Zoé lui donnait tout. Elle devait obtenir son approbation pour le moindre achat. Des «erreurs» bêtes, comme oublier d'enlever les oignons de son plat, lui valaient une violente claque derrière la tête. «J'étais constamment en train de m'assurer que je faisais bien tout ce qu'il voulait et que je n'oubliais rien», a-t-elle raconté avec beaucoup d'émotion, hier, au palais de justice de Montréal, où M. Bolton a plaidé coupable à plusieurs chefs d'accusation, dont proxénétisme, voies de fait et séquestration.
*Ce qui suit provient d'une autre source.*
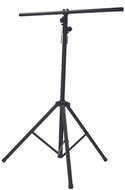 QTX LT04 Heavy Duty light stand, 360cm, 50kg - Lightning Ramp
«S'il n'aimait pas ce que je portais, je devais me changer. Je devais porter des talons chaque fois que j'étais en sa présence, ou encore me dévêtir dès que j'entrais dans la maison.»

M. Bolton a fait tatouer son nom sur la peau de la jeune femme. Comme on marque le bétail. Et comme on marquait, jadis, les esclaves. Lorsque Zoé a voulu quitter M. Bolton, ce dernier lui a exigé une «compensation de départ» de 50 000$, sous peine de représailles. Alors, elle est restée. Elle était terrifiée.

M. Bolton avait souvent été violent envers elle. Une nuit, il l'avait frappée à coups de poing pendant cinq minutes dans un taxi - si fort que le chauffeur avait eu l'impression que sa voiture était munie d'un ressort. Une autre fois, il lui avait fracassé une table sur les jambes. Elle avait quand même dû danser ce soir-là, avec des leggings pour camoufler ses ecchymoses.

Séquestrée au 1000, rue de la Commune

En 2012, M. Bolton a quitté son penthouse de deux étages, rue de Bleury, pour emménager au 1000, rue de la Commune. L'appartement était moins luxueux - le loyer n'était «que» de 2700$ -, mais avait l'avantage de se trouver à l'intérieur de ce que plusieurs considèrent comme une véritable forteresse pour les criminels, très difficile d'accès pour les enquêteurs.

Au moins une vingtaine de membres et de relations du crime organisé ont vécu dans cet immeuble: des mafieux du clan Rizzuto, des Hells Angels et des gangs de rue.

Un soir, après que Zoé eut tenté de s'enfuir, M. Bolton l'a séquestrée pendant deux jours à l'intérieur de l'appartement du 1000, rue de la Commune. Il l'a battue pendant des heures, puis l'a réveillée pour la battre encore. «Je ne croyais pas sortir vivante de l'appartement», a-t-elle confié. Le second matin, elle a joué le tout pour le tout: elle s'est précipitée vers la sortie. Alertée par ses cris, une voisine l'a trouvée par terre dans le corridor, agrippée à la porte. Complètement nue. M. Bolton tentait de la pousser à l'intérieur.

Zoé s'est réfugiée chez la voisine et a porté plainte. Elle a été prise en charge par les enquêteurs de la section Ouest du Service de police de la Ville de Montréal (SPVM), qui ont développé une solide expertise en matière d'exploitation sexuelle.

La Couronne demande une peine de cinq ans de prison contre M. Bolton. Ce dernier a déjà purgé 17 mois à Bordeaux et plaide l'insalubrité de la prison pour obtenir une réduction de peine. La décision du juge Jean-Pierre Boyer, de la Cour du Québec, sera rendue dans les prochaines semaines.

Il y a deux mois, Zoé s'est déniché un boulot de caissière. Sans diplôme, elle doit recommencer sa vie à zéro. Sans le moindre sou en poche.